Nuke the Fridge: You’re part of a long running franchise where your physique is important. Did Hathaway’s physicality come from that, his equal emphasis on his body and mind?

Chris Hemsworth: The training for this, once I’m done with Thor, when I get rid of that bulk and that size because that screams that character, what I wanted to do, instead of just running on the treadmill and trying to get through the wait, mainly built in some sort of martial arts. I boxed a lot in the past and done a lot of Muay Thai. Me and Michael talked about the time that he spent in prison. You go in one person and come out another. Through those experiences, he was going to be able to physically be able to handle himself. Whether that was from the background he’d grown up in or not, but certainly his experiences in prison.
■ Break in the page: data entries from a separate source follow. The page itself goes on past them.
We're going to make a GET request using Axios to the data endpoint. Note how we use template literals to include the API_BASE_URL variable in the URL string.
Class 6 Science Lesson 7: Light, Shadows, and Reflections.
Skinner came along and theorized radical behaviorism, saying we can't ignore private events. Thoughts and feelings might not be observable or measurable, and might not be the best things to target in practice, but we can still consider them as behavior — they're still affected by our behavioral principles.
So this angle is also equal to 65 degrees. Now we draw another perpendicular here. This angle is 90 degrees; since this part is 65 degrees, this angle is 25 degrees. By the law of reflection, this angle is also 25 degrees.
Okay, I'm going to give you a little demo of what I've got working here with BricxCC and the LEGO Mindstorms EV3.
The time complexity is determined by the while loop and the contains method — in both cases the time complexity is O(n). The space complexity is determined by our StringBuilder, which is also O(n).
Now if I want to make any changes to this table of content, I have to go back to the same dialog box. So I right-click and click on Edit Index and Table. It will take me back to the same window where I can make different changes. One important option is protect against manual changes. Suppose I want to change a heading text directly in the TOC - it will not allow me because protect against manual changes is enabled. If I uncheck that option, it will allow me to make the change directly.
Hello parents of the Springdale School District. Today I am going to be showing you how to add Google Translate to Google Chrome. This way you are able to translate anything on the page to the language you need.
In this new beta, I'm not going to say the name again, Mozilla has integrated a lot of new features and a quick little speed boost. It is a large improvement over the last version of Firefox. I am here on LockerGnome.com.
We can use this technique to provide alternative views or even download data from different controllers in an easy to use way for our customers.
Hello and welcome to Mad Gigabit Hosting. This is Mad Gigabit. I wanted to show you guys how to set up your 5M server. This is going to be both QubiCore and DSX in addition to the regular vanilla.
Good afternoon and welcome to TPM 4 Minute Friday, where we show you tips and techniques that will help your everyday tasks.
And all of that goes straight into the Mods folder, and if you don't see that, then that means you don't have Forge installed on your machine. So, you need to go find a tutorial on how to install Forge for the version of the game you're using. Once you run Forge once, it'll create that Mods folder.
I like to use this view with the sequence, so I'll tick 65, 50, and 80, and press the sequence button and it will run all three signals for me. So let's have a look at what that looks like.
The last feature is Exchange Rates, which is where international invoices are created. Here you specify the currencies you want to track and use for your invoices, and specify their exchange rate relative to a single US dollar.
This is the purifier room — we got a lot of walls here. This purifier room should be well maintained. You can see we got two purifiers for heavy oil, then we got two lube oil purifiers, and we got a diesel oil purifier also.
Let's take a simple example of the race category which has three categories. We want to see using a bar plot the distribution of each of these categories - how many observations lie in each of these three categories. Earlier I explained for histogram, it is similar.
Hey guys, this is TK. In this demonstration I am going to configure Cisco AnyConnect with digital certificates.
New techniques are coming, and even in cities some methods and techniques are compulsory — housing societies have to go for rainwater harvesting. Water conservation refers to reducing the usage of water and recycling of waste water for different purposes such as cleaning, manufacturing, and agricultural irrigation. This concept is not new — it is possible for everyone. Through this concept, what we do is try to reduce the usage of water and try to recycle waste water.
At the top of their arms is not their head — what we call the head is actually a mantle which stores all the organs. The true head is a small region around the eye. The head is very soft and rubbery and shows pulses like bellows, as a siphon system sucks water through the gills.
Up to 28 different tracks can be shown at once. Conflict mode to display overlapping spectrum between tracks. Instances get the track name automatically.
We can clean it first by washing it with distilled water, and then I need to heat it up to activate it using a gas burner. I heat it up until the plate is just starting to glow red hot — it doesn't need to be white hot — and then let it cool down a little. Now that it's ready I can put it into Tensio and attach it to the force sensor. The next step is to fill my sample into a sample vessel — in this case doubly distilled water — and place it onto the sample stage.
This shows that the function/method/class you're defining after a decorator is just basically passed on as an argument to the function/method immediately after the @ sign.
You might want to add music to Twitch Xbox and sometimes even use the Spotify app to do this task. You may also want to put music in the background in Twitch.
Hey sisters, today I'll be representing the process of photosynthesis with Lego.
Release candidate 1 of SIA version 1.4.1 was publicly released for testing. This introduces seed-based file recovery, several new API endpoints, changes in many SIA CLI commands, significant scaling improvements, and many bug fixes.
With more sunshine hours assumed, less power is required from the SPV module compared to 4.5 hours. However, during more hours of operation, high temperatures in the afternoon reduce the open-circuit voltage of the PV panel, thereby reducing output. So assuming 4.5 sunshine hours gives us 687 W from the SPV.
Q: What made you want to do the film?

Chris Hemsworth: Michael. Michael’s one of my favorite filmmakers. I’ve grown up watching his films so even before I’d read the script, I was pretty much diving into the thing. But then read the script and it was a subject that I certainly hadn’t been involved in on screen, something, in my life was something fairly new to me and was pretty limited in my digital cyber involvement. And it fascinated me. As Michael said, it was something that a couple years ago when we were researching the film, did exist. All the things are in the news now but it wasn’t as public. The idea that we are as vulnerable as the film talks about was something that I wanted to learn more about, and I jumped into the opportunity.

Q: What did you learn from the computer experts who advised the film?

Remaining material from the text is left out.